## Problem description
Entries follow. Give back exactly the lines starting at the one containing "Ванна Besco Mia 130x130" and ending at the one containing "Two Tier Metal", and no other lines.

## Input for this task
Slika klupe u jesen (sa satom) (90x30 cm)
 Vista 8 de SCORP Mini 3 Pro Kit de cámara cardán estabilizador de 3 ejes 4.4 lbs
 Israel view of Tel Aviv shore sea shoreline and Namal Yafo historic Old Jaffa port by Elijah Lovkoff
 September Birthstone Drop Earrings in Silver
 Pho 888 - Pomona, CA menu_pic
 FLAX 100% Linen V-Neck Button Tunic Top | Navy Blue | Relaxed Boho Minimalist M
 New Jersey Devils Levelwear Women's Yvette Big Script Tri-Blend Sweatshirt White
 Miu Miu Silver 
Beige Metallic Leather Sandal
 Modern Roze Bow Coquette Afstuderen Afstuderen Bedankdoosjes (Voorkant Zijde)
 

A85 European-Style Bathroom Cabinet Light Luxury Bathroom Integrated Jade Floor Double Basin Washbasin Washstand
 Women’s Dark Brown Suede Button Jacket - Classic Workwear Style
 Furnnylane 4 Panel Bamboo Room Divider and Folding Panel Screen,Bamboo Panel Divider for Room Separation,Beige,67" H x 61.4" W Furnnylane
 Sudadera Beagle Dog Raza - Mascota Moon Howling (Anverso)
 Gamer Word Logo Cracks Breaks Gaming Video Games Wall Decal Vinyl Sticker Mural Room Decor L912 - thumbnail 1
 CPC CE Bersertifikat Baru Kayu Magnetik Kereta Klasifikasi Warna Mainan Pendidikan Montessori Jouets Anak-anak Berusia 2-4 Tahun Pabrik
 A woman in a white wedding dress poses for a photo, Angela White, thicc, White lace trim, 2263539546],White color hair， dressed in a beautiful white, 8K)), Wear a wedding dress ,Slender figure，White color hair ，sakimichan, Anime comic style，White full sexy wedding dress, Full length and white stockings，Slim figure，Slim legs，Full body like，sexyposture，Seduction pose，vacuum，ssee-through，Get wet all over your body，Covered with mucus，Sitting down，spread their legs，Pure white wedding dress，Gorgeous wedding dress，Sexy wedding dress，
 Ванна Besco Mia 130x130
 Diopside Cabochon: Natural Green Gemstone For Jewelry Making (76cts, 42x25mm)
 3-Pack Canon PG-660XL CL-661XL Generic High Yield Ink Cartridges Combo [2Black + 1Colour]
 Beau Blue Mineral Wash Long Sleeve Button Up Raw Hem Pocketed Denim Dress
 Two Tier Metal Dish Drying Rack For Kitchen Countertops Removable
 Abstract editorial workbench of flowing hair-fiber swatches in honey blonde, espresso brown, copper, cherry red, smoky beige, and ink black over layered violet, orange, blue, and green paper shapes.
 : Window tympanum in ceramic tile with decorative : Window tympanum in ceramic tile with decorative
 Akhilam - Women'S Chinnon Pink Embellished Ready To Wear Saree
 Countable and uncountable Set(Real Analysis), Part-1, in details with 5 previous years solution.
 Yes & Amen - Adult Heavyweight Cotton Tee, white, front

## Problem solution
 Ванна Besco Mia 130x130
 Diopside Cabochon: Natural Green Gemstone For Jewelry Making (76cts, 42x25mm)
 3-Pack Canon PG-660XL CL-661XL Generic High Yield Ink Cartridges Combo [2Black + 1Colour]
 Beau Blue Mineral Wash Long Sleeve Button Up Raw Hem Pocketed Denim Dress
 Two Tier Metal Dish Drying Rack For Kitchen Countertops Removable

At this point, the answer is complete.